Management should ensure that information system networks are tested regularly. The nature, extent, and frequency of tests should be proportionate to the risks of intrusions from external and internal sources. Management should select qualified and reputable individuals to perform the tests and ensure that tests do not inadvertently damage information systems or reveal confidential information to unauthorized individuals. Management should oversee the tests, review test results, and respond to deficiencies in a timely manner. In accordance with OCC's "Technology Risk Management: PC Banking," management should ensure that an objective, qualified source conducts a penetration test of Internet banking systems at least once a year or more frequently when appropriate.

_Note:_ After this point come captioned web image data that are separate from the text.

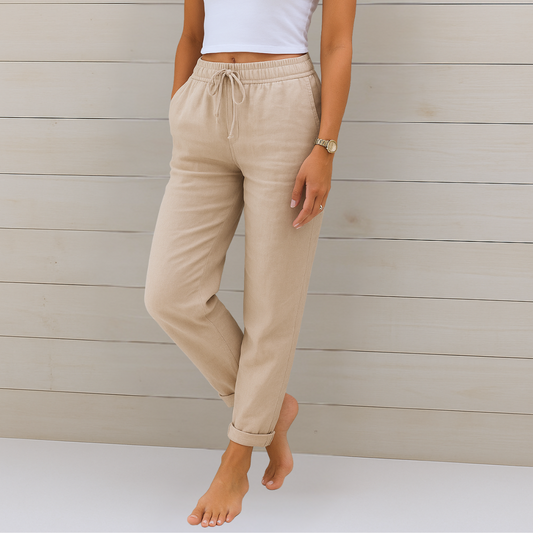 Fleurette™ | Premium Breathable Pants with Elastic Waist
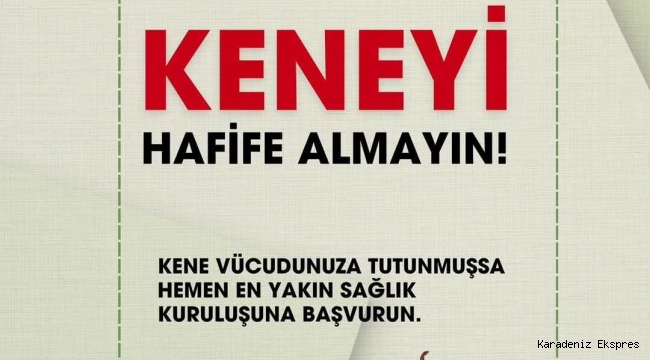 SİVAS VALİLİĞİNDEN KENE UYARISI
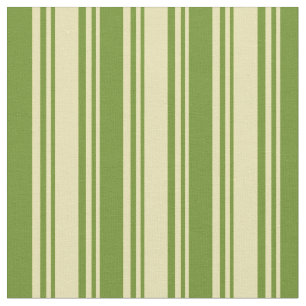 Tissu Tan et Motif vert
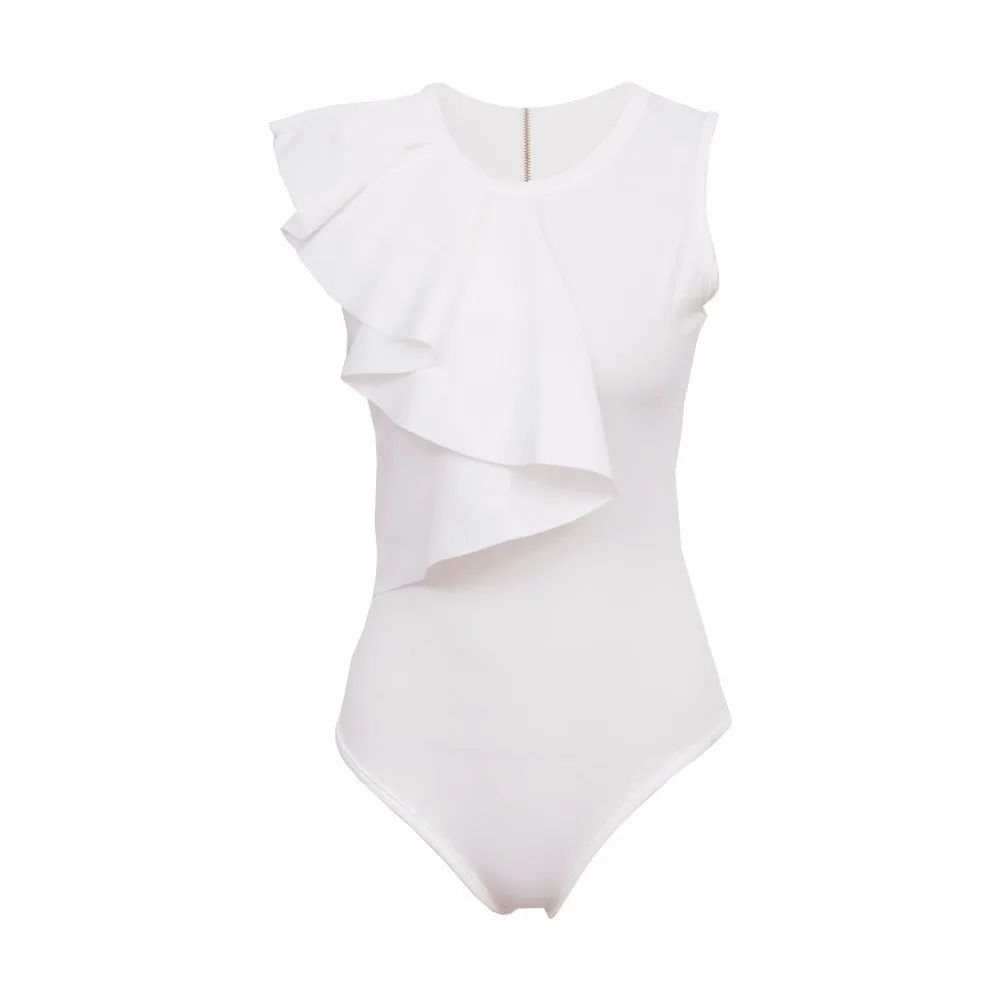 Women Solid Bodysuit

Return to the top of the newsletter

INTERNET PRIVACY - We continue our series listing the regulatory-privacy examination questions.  When you answer the question each week, you will help ensure compliance with the privacy regulations.

Sharing nonpublic personal information with nonaffiliated third parties under Sections 14 and/or 15 and outside of exceptions (with or without also sharing under Section 13).  (Part 2 of 3)

B. Presentation, Content, and Delivery of Privacy Notices 

1)  Review the financial institution's initial, annual and revised notices, as well as any short-form notices that the institution may use for consumers who are not customers. Determine whether or not these notices:

a.  Are clear and conspicuous (§§3(b), 4(a), 5(a)(1), 8(a)(1));

b.  Accurately reflect the policies and practices used by the institution (§§4(a), 5(a)(1), 8(a)(1)). Note, this includes practices disclosed in the notices that exceed regulatory requirements; and

c.  Include, and adequately describe, all required items of information and contain examples as applicable (§6). Note that if the institution shares under Section 13 the notice provisions for that section shall also apply.

2)  Through discussions with management, review of the institution's policies and procedures, and a sample of electronic or written consumer records where available, determine if the institution has adequate procedures in place to provide notices to consumers, as appropriate. Assess the following:

a.  Timeliness of delivery (§§4(a), 7(c), 8(a)); and

b.  Reasonableness of the method of delivery (e.g., by hand; by mail; electronically, if the consumer agrees; or as a necessary step of a transaction) (§9).

c.  For customers only, review the timeliness of delivery (§§4(d), 4(e), 5(a)), means of delivery of annual notice (§9(c)), and accessibility of or ability to retain the notice (§9(e)).